Et, comme pour noircir davantage le tableau, les revendications d’ordre culturel ou communautaire se font de plus en plus prégnantes.

Il y a donc également la question communautaire qui est posée...
Depuis des années, mais les tensions se sont exacerbées dernièrement. On a des manifestations en Kabylie, d’autres à Ghardaïa et j’en passe. Chaque région a ses propres problèmes et compte le faire savoir de manière plus que jamais sérieuse. Dans ce contexte, que fait le régime algérien? Au lieu de prendre des initiatives de réforme courageuse, il ravive, par le truchement du Polisario, le conflit avec le Maroc. Une manière classique de détourner l’attention et d’appeler à l’unité nationale face à la menace externe.

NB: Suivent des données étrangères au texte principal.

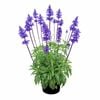 2.5L Salvia Sallyfun Assorted - Salvia farinacea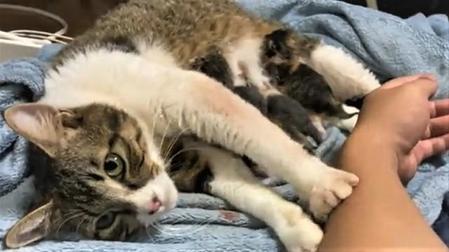 子猫に授乳しながら飼い主さんの腕をモミモミする母猫の動画が話題になった（「デグハヤ バイク選手」さん提供、Twitterよりキャプチャ撮影）
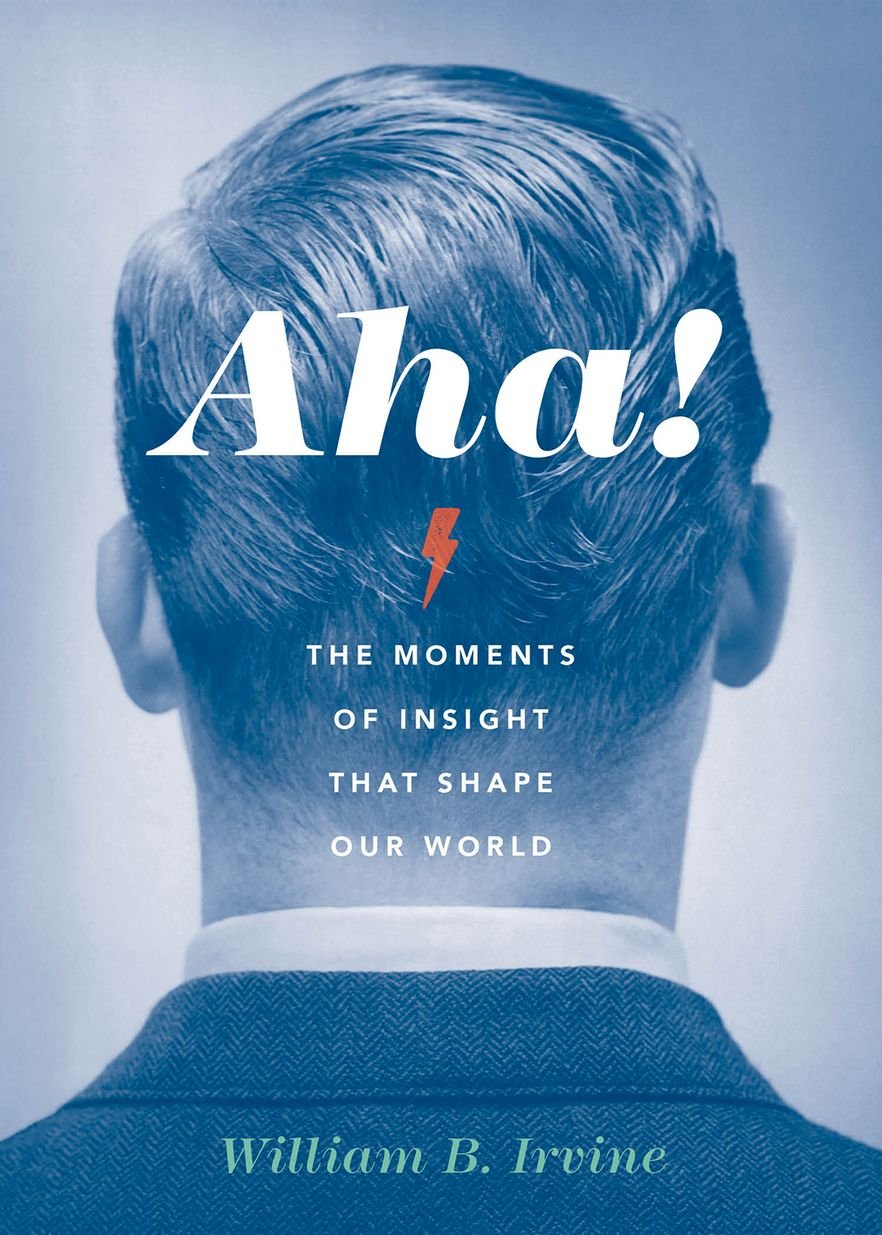 Aha!: The Moments of Insight that Shape Our World,Used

Pensez-vous alors que la situation actuelle peut bien dégénérer en conflit armé entre le Maroc et l’Algérie?
La tension est importante sur le plan diplomatique, c’est certain. Les incursions des éléments du Polisario dans la zone démilitarisée peuvent provoquer une réaction militaire du Maroc. Ce dernier l’a d’ailleurs dit. Mais de là à ce qu’une guerre éclate entre l’Algérie et le Maroc, je ne pense pas.

La région du Sahel est assez instable et il y a tellement de conflits armés que la communauté internationale ne peut tolérer l’éclatement d’un autre. La France, l’allié principal de l’Algérie et du Maroc, tout comme les Etats unis ne peuvent laisser les deux pays entrer en guerre. La guerre entre Rabat et Alger peut embraser l’ouest de la Méditerranée et menacer le commerce international. L’Europe tout entière est concernée.